Ukrainian politician and lawyer

Liubomyr Lvovych Zubach (born January 21, 1978) is a Ukrainian politician and lawyer, Member of Parliament of the 8th convocation, member of the Parliamentary faction Samopomich Union.

== Biography ==
Liubomyr Zubach was born in Western Ukraine city of Lviv. He studied at School#28, specialising in German. Zubach graduated with bachelor's degree in law from Lviv National I. Franko University in 1999. In 2011 he graduated with Masters in Public Administration from the Lviv Regional Institute of the President of Ukraine National Academy of Public Administration.
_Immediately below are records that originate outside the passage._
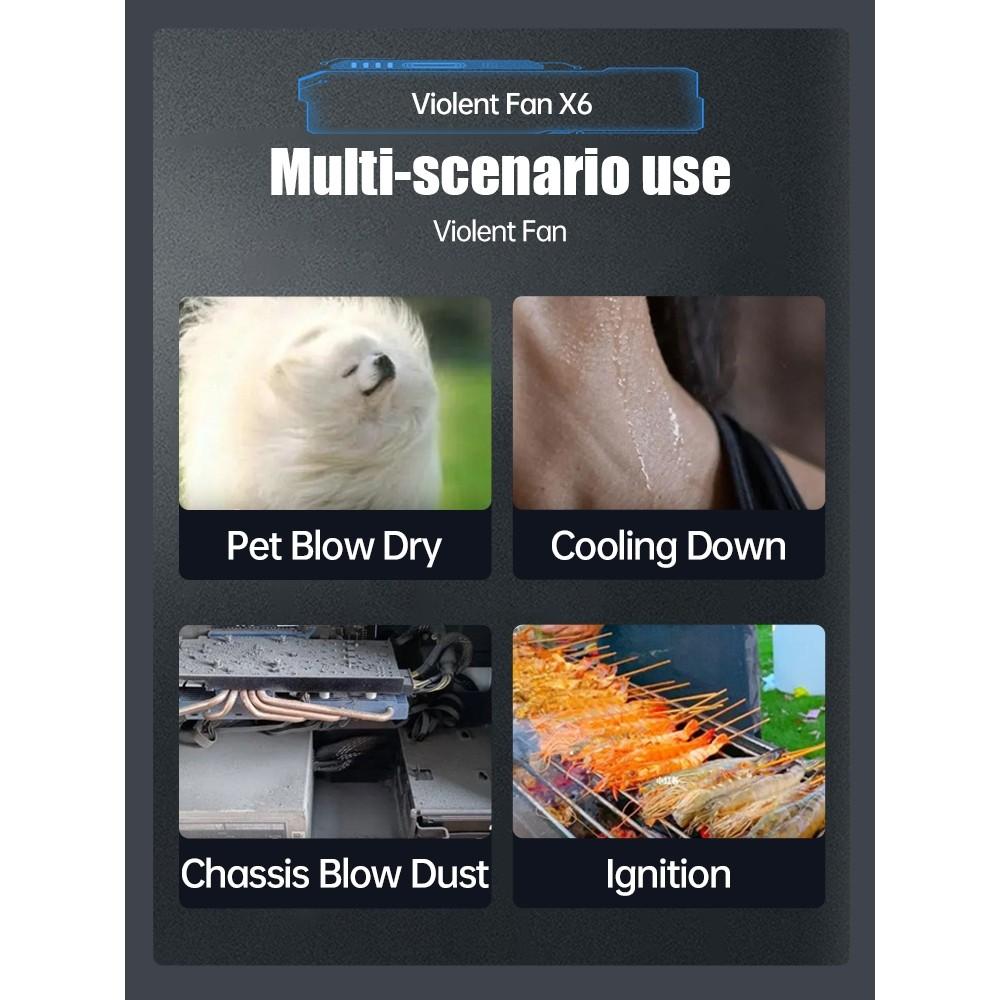 130,000 RPM Portable Handheld Electric Fan 52m/s Brushless Powerful Air Blower Adjustable Wind Speed Turbo Violent Fan
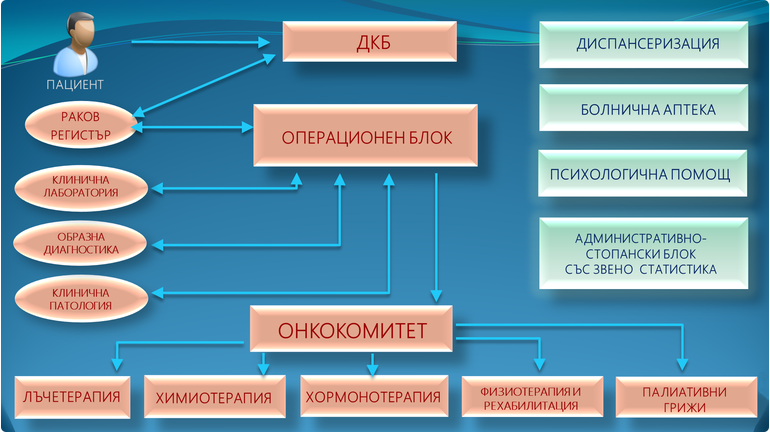Схема на постъпване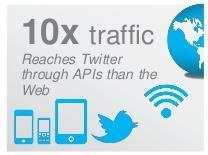 Why provide an API?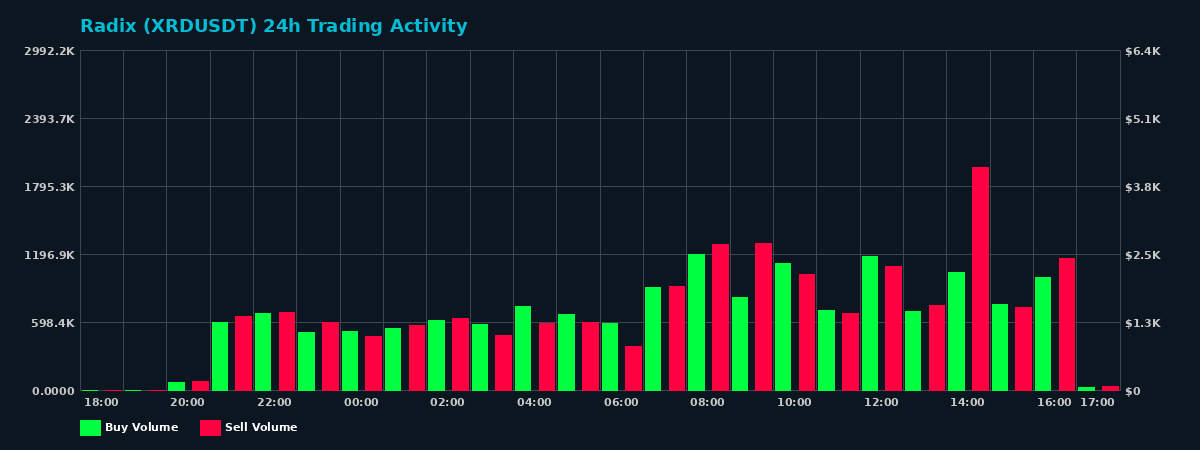 Radix (XRD) 24 Hour Trading Activity Chart on MEXC Exchange showing buy and sell volumes
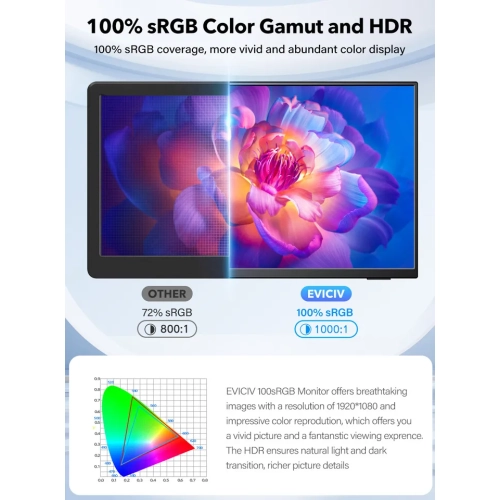 UPERFECT Portable Laptop Monitor Touchscreen 15.6" HDMI USB C External Computer Display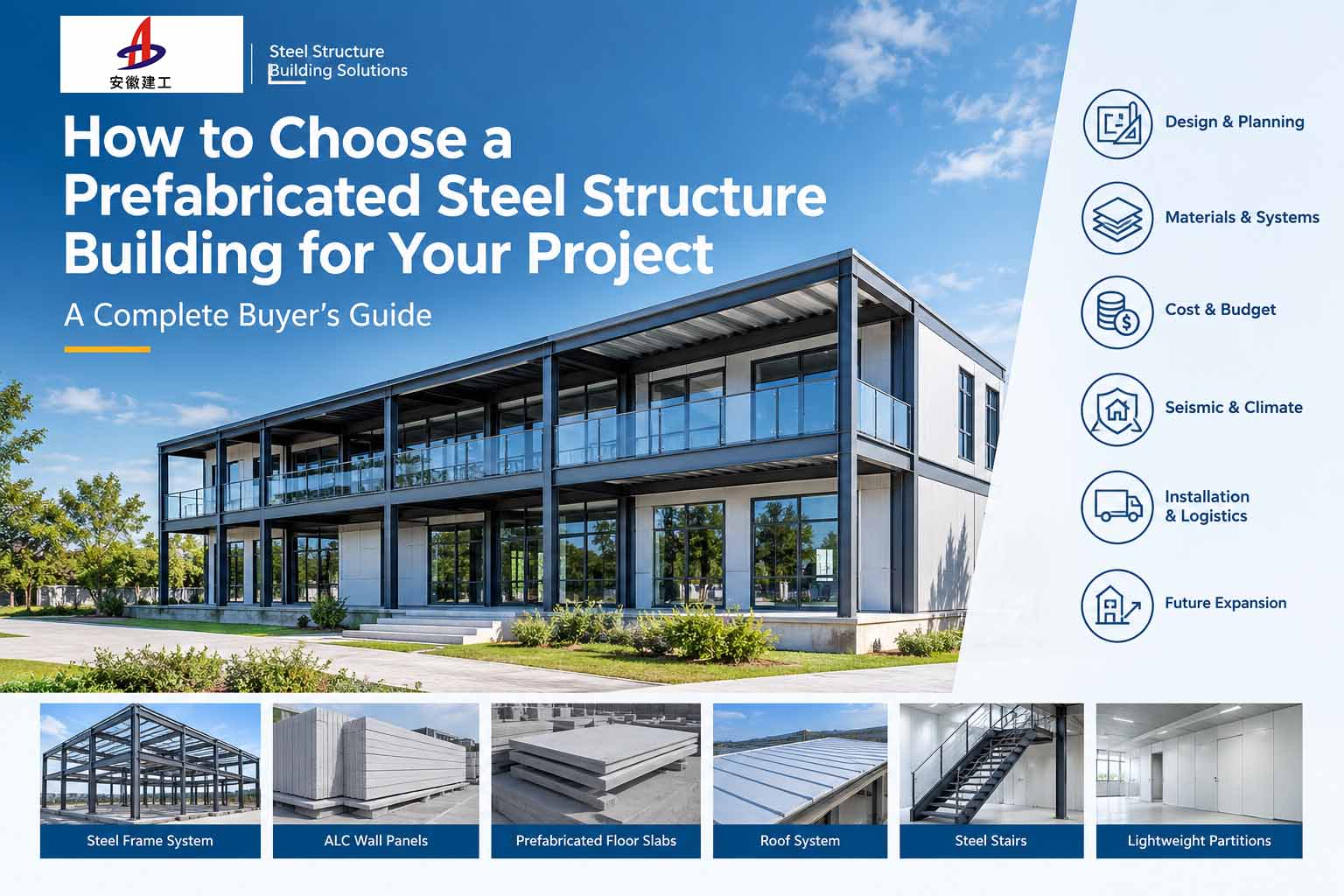 How to Choose a Prefabricated Steel Structure Building for Your Project: A Complete Buyer’s Guide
Zubach started working as a law consultant in 1999, at the shoe factory Malvy Enterprise LTD. In 2000–2002 he was the assistant lawyer at the Advocate Company Pavlenko, Stetsenko & Osinchuk. In 2002 he started working at the Institute of City Development. He also worked as a counsellor for CEO of the Pivdenzahidelektromerezhbud (2003–2004), and member of the board for Teleradiocompany Luks (2005–2006). In 2006 Zubach started cooperating with Lviv City Council, volunteering as a counsellor the mayor. Later he became the deputy head of the Department of the Council Secretariat, in 2007 he became the head of the department.

Zubach has been involved in civic activism since his student years, participating in the movement 'Youth for Reforms' as a member of its managing board. In 2004 he co-founded and participated in NGO Samopomich.

Zubach is a member of the Association of Media Lawyers in Lviv Region and the Centre for Law Development. He is a member of the Samopomich Union political party and is in its executive committee.